Homes here are mainly ranch or split-levels built in the 1950s and ’60s. An updated three-bedroom ranch home is currently listed for under $550,000. Because there’s little space to build new homes in Burlington, most new construction happens when developers raze older homes. Those homes are significantly more pricey. A not-yet finished Colonial is on the market for nearly $1.5 million.
11. Walnut Creek, CA
Broadway Plaza is an open-air shopping center in Walnut Creek, CA.
FASTILY, CC BY-SA 4.0, via Wikimedia Commons
Nearest city: San Francisco, CA
Median home price in July: $699,950
The most expensive suburb on this list, Walnut Creek still offers buyers some respite from what they would pay in nearby San Francisco or Oakland. It also boasts good schools, lots of shops, and, as you might expect, a big food scene.
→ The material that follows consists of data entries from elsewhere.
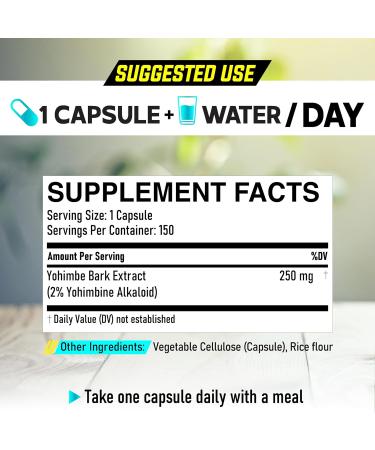 DEDICAD Yohimbine HCl 5mg - 150 Capsules - Buy Online on GoSupps.com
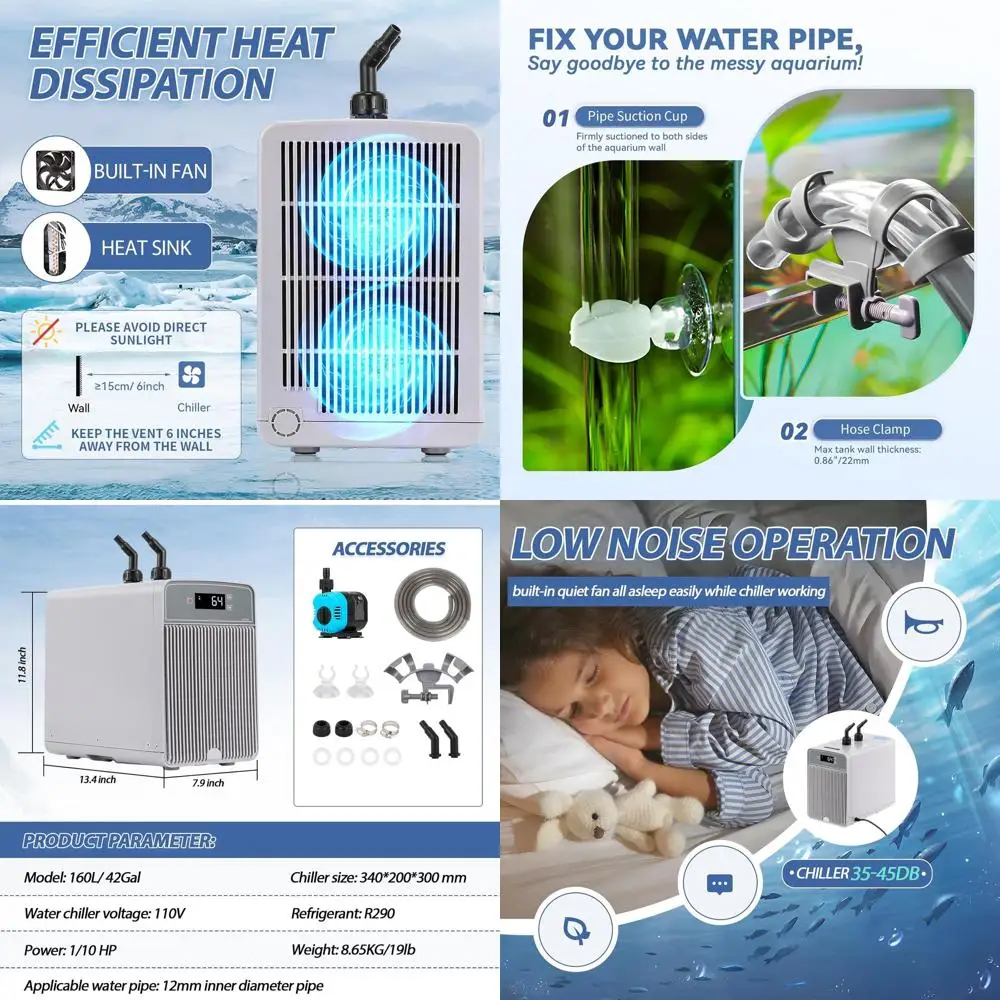 

42 Gallon Aquarium Chiller for Saltwater Corals and Jellyfish, 110V Hydroponics System with Pump and Pipe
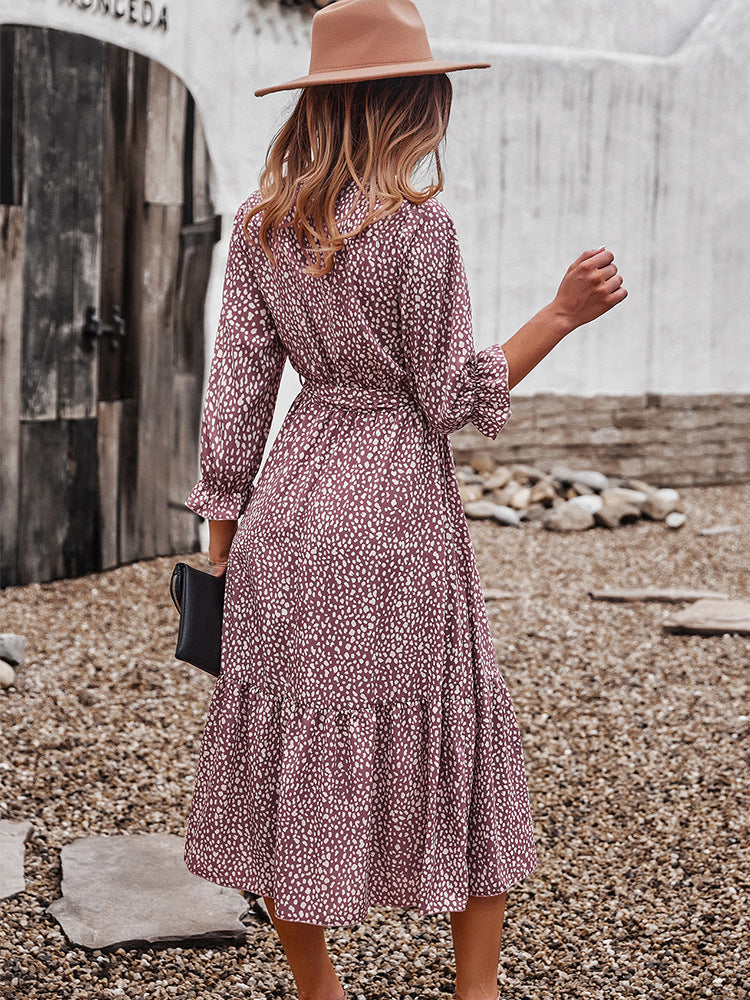 V Neck Boho Ruffle Flowy Midi Dress Maxct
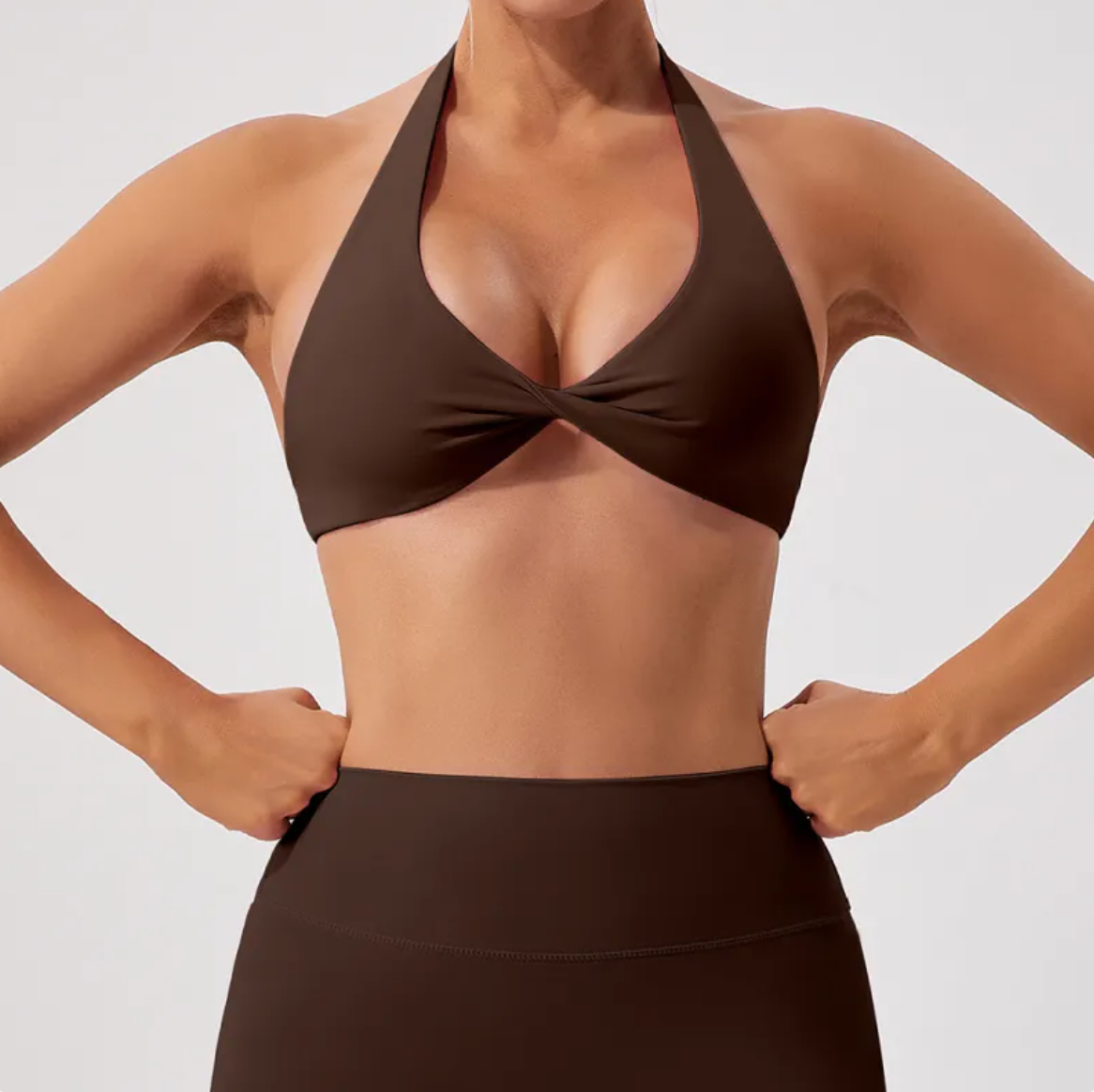 VYVAE Halter Yoga Bra Brown - Side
Walnut Creek also has 16 parks and thousands of acres of undeveloped space. Heather Farms, a 102-acre park, features a sprawling, all-abilities playground, a lake, and botanical gardens. The school system is well-rated, and there are plenty of extracurriculars for kids.
“Parents don’t necessarily have to become those suburban hermits; they can lead some semblance of a city life,” says Elena Mendelson, a real estate agent at Compass who raised her children in Walnut Creek.
Homes here can get pretty expensive: A two-bedroom ranch built in the 1950s just came on the market for $850,000.
“We’re still fairly affordable for the quality you’re getting,” Mendelson says.